[Caption-style text data]
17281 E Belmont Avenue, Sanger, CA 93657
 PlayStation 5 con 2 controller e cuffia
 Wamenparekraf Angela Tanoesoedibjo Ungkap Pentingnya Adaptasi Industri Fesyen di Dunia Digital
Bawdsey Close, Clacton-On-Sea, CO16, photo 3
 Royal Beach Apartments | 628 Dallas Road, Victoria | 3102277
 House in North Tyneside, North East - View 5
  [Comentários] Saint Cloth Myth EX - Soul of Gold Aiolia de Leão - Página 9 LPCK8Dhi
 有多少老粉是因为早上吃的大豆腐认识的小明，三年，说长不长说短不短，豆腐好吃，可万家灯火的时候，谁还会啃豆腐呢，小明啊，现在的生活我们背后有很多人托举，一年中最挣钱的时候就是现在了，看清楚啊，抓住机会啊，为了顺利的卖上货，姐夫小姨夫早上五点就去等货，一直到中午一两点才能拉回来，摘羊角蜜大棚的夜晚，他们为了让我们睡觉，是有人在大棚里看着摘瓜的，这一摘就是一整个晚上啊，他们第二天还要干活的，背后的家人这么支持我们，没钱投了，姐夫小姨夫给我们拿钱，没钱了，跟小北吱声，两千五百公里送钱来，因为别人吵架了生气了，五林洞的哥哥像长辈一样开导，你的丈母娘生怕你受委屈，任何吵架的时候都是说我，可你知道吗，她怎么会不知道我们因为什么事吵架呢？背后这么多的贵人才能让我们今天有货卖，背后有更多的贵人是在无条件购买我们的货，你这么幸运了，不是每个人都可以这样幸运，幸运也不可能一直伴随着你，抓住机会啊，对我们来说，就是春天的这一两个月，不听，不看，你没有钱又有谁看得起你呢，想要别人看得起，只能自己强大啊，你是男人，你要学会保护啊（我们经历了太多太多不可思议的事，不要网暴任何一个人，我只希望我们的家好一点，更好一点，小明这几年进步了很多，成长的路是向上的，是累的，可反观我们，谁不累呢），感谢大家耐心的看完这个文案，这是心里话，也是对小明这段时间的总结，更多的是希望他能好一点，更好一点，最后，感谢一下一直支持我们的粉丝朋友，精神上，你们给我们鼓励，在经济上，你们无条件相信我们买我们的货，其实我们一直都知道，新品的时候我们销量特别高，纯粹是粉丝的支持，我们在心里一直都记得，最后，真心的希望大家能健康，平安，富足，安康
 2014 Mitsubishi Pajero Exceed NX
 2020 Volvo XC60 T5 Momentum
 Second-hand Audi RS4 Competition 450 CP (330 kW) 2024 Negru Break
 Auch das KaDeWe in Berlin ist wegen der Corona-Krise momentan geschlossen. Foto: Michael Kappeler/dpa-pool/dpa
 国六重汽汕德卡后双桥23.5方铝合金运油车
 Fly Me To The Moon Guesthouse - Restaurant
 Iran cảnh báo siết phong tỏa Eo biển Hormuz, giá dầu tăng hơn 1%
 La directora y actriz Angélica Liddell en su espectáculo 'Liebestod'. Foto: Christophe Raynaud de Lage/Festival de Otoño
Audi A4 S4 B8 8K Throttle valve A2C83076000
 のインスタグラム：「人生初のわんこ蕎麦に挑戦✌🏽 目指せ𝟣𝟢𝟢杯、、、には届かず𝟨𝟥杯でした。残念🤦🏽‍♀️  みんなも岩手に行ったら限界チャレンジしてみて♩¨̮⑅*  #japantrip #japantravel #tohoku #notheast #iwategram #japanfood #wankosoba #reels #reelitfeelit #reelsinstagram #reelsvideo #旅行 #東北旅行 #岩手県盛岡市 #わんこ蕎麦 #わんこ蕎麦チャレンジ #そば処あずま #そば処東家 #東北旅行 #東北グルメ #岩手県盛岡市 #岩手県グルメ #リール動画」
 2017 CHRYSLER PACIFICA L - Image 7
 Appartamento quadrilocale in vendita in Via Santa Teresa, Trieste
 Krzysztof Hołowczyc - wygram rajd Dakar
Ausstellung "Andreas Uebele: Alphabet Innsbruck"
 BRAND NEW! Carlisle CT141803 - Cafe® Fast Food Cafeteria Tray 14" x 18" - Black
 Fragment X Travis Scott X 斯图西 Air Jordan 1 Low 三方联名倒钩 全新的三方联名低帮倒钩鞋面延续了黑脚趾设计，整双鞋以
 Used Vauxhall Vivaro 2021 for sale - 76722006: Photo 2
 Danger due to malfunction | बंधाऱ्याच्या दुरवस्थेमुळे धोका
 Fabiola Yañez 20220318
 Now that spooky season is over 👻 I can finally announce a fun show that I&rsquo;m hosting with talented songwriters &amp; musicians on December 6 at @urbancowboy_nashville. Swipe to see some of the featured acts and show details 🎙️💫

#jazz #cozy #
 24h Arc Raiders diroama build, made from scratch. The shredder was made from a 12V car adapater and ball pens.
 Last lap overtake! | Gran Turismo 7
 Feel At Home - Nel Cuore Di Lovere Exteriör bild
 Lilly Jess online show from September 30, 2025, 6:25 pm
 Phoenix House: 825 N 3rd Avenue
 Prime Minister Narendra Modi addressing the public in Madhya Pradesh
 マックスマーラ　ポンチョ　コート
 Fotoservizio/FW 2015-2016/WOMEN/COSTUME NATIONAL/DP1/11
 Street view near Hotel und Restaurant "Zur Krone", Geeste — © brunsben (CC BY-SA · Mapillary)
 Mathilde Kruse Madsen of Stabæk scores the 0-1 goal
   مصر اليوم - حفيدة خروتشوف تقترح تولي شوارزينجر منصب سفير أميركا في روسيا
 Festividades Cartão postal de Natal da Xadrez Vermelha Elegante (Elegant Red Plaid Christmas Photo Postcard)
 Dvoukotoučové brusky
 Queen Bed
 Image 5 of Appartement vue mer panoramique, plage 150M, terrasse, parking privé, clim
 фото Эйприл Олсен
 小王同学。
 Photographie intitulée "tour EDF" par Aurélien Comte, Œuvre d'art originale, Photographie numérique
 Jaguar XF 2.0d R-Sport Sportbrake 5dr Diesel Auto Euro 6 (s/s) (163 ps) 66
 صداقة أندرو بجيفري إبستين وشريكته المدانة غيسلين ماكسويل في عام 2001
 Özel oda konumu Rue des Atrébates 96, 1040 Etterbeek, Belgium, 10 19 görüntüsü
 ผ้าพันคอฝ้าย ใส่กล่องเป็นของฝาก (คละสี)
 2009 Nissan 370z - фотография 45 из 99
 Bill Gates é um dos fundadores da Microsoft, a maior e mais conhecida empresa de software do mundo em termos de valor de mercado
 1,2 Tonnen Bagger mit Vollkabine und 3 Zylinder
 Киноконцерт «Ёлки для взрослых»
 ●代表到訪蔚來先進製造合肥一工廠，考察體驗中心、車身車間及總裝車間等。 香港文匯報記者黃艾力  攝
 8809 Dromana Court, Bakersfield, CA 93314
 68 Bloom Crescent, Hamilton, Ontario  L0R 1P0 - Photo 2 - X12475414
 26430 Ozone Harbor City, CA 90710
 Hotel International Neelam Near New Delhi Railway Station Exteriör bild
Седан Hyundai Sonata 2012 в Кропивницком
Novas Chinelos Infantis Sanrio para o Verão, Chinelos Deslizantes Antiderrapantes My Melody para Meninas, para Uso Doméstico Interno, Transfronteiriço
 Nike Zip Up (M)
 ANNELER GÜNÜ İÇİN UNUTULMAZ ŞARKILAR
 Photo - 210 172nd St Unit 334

Task directions
Could you transcribe the entries above word for word, from the line with "Fabiola Yañez 20220318" down to the line with "Fotoservizio/FW 2015-2016/WOMEN/COSTUME NATIONAL/DP1/11", keeping both?

Exercise response
 Fabiola Yañez 20220318
 Now that spooky season is over 👻 I can finally announce a fun show that I&rsquo;m hosting with talented songwriters &amp; musicians on December 6 at @urbancowboy_nashville. Swipe to see some of the featured acts and show details 🎙️💫

#jazz #cozy #
 24h Arc Raiders diroama build, made from scratch. The shredder was made from a 12V car adapater and ball pens.
 Last lap overtake! | Gran Turismo 7
 Feel At Home - Nel Cuore Di Lovere Exteriör bild
 Lilly Jess online show from September 30, 2025, 6:25 pm
 Phoenix House: 825 N 3rd Avenue
 Prime Minister Narendra Modi addressing the public in Madhya Pradesh
 マックスマーラ　ポンチョ　コート
 Fotoservizio/FW 2015-2016/WOMEN/COSTUME NATIONAL/DP1/11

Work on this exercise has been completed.